Re: [zfs-discuss] ZFS cache flush ignored by certain devices ?

2010-01-25 Thread Lutz Schumann
One problem with the write cache is that I do not know if it is needed for 
write wearing ? 

As mentioned, disabeling write cache might be ok in terms of performance (I 
want to use MLC SSD as data disks, not as ZIL, to have a SSD only appliance - 
I'm looking for read speed for dedupe, zfs send  and all the other things ZFS 
tends to do a lot of random reads for). 

I could not life with a degration in write endurance with a disabled write 
cache. Unfortunately nobody was able to anwer this and I guess only Intel can 
-- and won't. However I don't want to ruin 2 Postville SSD's for 200€ each to 
find out :).
-- 
This message posted from opensolaris.org
___
zfs-discuss mailing list
zfs-discuss@opensolaris.org
http://mail.opensolaris.org/mailman/listinfo/zfs-discuss


Re: [zfs-discuss] ZFS cache flush ignored by certain devices ?

2010-01-11 Thread Bob Friesenhahn

On Mon, 11 Jan 2010, Kjetil Torgrim Homme wrote:


(BTW, thank you for testing forceful removal of power.  the result is as
expected, but it's good to see that theory and practice match.)


Actually, the result is not "as expected" since the device should not 
have lost any data preceding a cache flush request.

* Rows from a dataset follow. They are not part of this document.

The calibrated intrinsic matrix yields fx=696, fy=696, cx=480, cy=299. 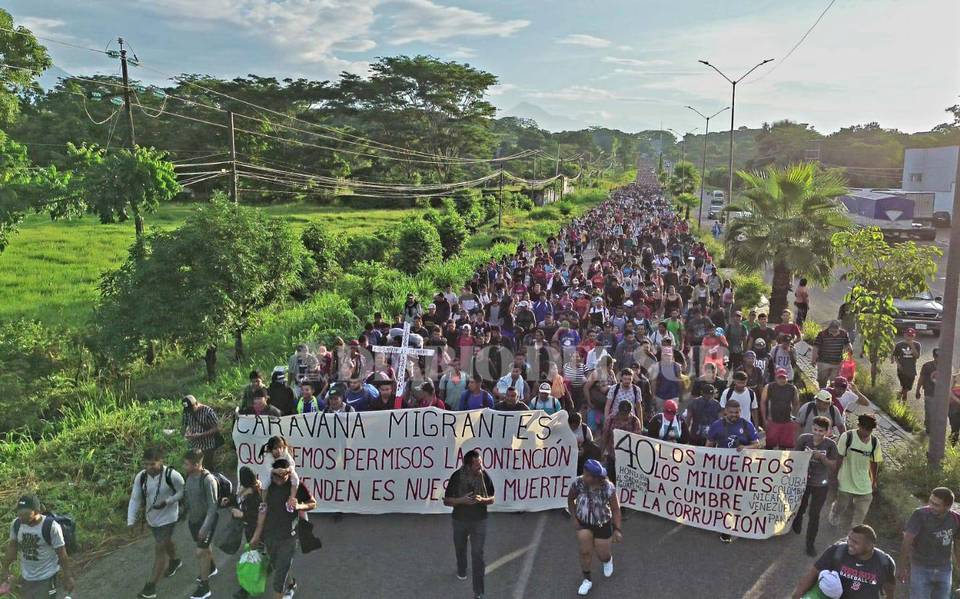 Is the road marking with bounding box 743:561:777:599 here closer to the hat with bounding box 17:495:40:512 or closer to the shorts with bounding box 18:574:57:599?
the shorts with bounding box 18:574:57:599

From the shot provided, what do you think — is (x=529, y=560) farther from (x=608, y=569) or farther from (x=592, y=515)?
(x=592, y=515)

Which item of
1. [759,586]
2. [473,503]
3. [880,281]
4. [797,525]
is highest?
[880,281]

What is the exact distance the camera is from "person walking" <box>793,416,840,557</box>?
685cm

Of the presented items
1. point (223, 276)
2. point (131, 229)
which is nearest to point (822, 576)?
point (223, 276)

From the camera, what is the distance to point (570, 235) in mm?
32188

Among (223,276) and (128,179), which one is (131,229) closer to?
(128,179)

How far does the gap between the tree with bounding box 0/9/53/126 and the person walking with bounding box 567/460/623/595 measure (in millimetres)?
34454

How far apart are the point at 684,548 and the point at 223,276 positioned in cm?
1063

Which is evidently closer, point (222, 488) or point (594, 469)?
point (594, 469)

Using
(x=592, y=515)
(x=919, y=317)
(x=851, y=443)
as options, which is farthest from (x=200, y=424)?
(x=919, y=317)

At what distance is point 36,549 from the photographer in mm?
5695

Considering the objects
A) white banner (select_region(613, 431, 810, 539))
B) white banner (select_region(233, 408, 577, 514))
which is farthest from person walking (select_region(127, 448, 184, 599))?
white banner (select_region(613, 431, 810, 539))

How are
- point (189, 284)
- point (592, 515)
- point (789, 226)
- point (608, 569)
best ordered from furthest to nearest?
point (789, 226) → point (189, 284) → point (608, 569) → point (592, 515)

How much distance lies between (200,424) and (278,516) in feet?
8.66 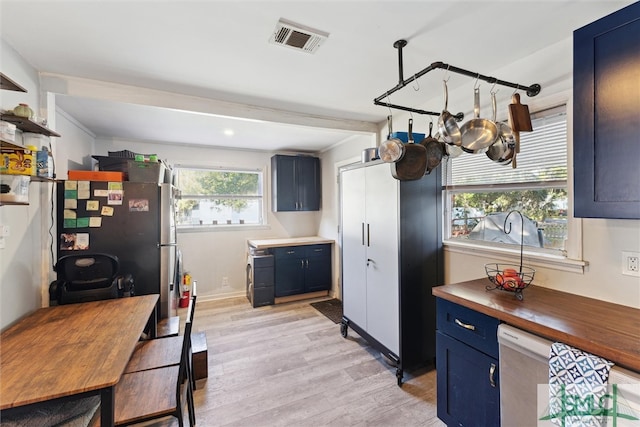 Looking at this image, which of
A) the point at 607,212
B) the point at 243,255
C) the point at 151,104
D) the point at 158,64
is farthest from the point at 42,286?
the point at 607,212

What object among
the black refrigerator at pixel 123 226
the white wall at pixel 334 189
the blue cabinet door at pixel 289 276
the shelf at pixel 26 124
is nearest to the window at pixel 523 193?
the white wall at pixel 334 189

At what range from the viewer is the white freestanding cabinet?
7.47ft

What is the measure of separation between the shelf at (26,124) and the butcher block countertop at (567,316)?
269 centimetres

These sort of results should be cause for concern for anyone 
currently using one as a zfs log device, or using it for any 
write-sensitive application at all.


Bob
--
Bob Friesenhahn
bfrie...@simple.dallas.tx.us, http://www.simplesystems.org/users/bfriesen/
GraphicsMagick Maintainer,http://www.GraphicsMagick.org/
___
zfs-discuss mailing list
zfs-discuss@opensolaris.org
http://mail.opensolaris.org/mailman/listinfo/zfs-discuss


Re: [zfs-discuss] ZFS cache flush ignored by certain devices ?

2010-01-11 Thread Lutz Schumann
Maybe it is lost in this much text :) .. thus this re-post 

Does anyone know the impact of disabeling the write cache for the write 
amplification factor of the intel SSD's ?

How can I permanently disable the write cache on the Intel X25-M SSD's ? 

Thanks, Robert
-- 
This message posted from opensolaris.org
___
zfs-discuss mailing list
zfs-discuss@opensolaris.org
http://mail.opensolaris.org/mailman/listinfo/zfs-discuss


Re: [zfs-discuss] ZFS cache flush ignored by certain devices ?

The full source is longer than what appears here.